→ Problem details
What is needed is an exact copy of the line that contains "Cành Vàng Bách" and of all later lines to the end of the records below, with no other lines.

[Data entries]
....................

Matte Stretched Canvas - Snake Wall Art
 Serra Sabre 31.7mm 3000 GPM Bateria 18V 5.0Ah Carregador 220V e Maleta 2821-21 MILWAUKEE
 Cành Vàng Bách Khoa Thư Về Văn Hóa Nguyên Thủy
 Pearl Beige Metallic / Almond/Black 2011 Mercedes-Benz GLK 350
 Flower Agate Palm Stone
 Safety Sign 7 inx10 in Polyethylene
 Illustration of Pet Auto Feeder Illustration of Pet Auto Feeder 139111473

....................

→ Result for this exercise
 Cành Vàng Bách Khoa Thư Về Văn Hóa Nguyên Thủy
 Pearl Beige Metallic / Almond/Black 2011 Mercedes-Benz GLK 350
 Flower Agate Palm Stone
 Safety Sign 7 inx10 in Polyethylene
 Illustration of Pet Auto Feeder Illustration of Pet Auto Feeder 139111473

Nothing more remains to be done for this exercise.